Acórdãos TCAS

Acórdão do Tribunal Central Administrativo Sul
Processo:405/24.1BESNT-A
Secção:JUÍZA PRESIDENTE
Data do Acordão:06/07/2024
Relator:CATARINA ALMEIDA E SOUSA
Descritores:INCIDENTE DE ESCUSA DO JUIZ
FUNDAMENTOS
Sumário:
Decisão:DECISÃO SUMÁRIA
Aditamento:
1
Decisão Texto Integral: DECISÃO

I- RELATÓRIO

A Senhora Juíza de Direito, Dra. T ……………………, em exercício de funções no Tribunal Administrativo e Fiscal de Sintra (área administrativa – juízo social), veio requerer, à luz do artigo 119º, nºs 1 e 3 e 120º, nº1, alínea b), do Código de Processo Civil, ex vi artigos 1º e 35º, nº1, do Código de Processo nos Tribunais Administrativos, que lhe seja concedida dispensa de intervir na ação administrativa que, com o nº 405/24.1BESNT, lhe foi distribuída, em que é Ré a Faculdade ……………………………….

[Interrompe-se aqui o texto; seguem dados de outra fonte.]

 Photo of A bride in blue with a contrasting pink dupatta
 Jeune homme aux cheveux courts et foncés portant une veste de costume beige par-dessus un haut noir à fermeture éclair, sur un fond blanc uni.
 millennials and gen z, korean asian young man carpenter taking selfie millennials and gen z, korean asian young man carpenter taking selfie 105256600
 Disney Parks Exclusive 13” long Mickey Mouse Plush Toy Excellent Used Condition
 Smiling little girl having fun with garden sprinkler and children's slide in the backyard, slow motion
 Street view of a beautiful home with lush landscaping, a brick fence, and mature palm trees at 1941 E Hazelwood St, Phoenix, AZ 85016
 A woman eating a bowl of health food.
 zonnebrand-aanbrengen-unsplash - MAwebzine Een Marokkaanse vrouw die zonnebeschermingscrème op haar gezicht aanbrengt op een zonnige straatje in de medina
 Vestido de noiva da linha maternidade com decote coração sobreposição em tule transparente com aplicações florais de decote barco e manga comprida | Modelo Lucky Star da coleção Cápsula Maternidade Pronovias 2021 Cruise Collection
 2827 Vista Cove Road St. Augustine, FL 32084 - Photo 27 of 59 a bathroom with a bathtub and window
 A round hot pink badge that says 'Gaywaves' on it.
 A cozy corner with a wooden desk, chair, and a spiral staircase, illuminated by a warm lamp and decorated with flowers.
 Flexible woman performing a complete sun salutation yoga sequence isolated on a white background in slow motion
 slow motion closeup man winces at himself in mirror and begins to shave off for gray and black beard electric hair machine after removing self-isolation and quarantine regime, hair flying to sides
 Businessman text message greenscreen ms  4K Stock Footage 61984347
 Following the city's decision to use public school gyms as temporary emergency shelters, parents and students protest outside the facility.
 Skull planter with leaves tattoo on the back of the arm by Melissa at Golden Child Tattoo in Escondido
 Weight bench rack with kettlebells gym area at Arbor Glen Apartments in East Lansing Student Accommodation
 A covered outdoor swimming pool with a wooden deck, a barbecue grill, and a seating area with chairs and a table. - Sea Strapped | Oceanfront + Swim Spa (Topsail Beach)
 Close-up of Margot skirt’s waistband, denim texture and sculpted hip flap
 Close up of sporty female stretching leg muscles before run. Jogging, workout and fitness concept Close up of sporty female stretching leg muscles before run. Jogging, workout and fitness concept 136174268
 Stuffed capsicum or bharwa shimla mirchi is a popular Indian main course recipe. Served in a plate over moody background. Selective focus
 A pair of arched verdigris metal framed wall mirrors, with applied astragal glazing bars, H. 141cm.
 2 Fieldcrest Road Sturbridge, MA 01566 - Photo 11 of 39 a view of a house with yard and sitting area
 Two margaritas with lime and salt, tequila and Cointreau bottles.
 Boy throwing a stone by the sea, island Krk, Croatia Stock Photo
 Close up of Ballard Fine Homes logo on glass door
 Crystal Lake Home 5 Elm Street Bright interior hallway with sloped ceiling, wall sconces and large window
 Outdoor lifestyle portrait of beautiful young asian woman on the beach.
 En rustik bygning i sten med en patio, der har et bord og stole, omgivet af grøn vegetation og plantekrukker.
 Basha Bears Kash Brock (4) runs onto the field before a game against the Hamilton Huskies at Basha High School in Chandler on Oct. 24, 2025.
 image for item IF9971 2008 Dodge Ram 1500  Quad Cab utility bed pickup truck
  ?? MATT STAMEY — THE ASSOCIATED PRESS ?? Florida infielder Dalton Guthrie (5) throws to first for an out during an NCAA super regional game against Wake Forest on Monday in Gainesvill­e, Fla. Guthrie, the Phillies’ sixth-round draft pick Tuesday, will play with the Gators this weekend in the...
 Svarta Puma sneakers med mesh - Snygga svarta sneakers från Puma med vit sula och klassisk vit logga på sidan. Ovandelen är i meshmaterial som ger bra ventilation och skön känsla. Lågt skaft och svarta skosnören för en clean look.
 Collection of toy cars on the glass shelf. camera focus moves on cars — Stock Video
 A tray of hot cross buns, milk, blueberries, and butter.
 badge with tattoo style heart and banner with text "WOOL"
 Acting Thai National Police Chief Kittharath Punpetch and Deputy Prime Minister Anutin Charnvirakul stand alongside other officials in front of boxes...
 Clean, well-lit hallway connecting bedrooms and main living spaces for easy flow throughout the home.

A justificar a sua pretensão alegou a escusante que: (i) manteve uma relação laboral com a Ré até ao ano de 2020 - data em que ingressou na formação inicial no CEJ- e que (ii) em 27/07/2023, intentou no Tribunal Administrativo e Fiscal de Sintra, contra a Faculdade …………………, uma ação administrativa, que se encontra pendente nesse Tribunal sob o nº785/23.6BESNT.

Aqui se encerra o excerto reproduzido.